[Supplied entries Boundary: Start]

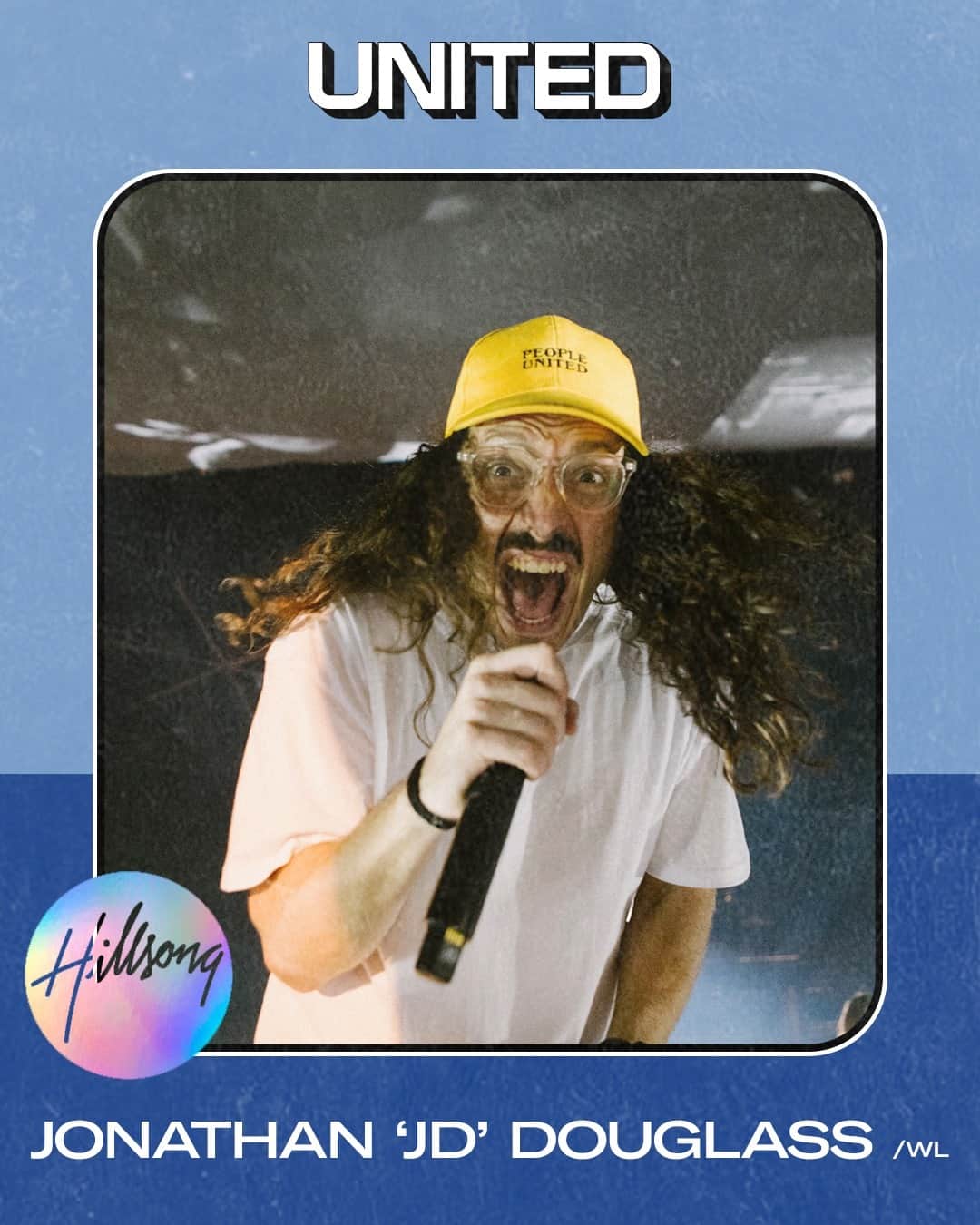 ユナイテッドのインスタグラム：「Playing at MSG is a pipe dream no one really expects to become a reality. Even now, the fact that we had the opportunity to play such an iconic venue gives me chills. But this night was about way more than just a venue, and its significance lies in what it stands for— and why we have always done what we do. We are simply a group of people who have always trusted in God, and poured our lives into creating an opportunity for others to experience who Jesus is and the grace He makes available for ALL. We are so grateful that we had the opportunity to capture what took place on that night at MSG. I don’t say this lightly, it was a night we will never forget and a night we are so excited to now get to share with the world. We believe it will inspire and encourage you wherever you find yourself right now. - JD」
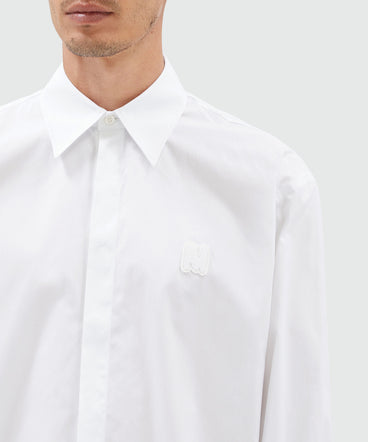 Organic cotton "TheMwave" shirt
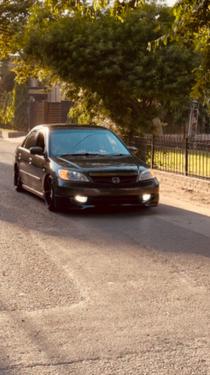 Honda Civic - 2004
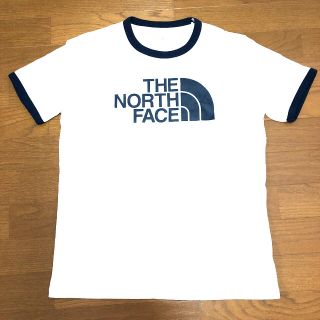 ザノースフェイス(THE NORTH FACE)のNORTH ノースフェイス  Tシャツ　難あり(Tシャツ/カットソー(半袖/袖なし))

[Supplied entries Boundary: End]
[Supplied entries Boundary: Start]

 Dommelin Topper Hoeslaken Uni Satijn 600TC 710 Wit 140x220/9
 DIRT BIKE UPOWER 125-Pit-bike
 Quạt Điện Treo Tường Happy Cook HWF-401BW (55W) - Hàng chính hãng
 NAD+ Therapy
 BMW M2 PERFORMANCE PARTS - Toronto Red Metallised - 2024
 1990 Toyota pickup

[Supplied entries Boundary: End]

The task ▸ Within the listing above, give again exactly every line from the line with "Dommelin Topper Hoeslaken" through the line with "1990 Toyota pickup", both included, and no other line.

Answer section ▸
 Dommelin Topper Hoeslaken Uni Satijn 600TC 710 Wit 140x220/9
 DIRT BIKE UPOWER 125-Pit-bike
 Quạt Điện Treo Tường Happy Cook HWF-401BW (55W) - Hàng chính hãng
 NAD+ Therapy
 BMW M2 PERFORMANCE PARTS - Toronto Red Metallised - 2024
 1990 Toyota pickup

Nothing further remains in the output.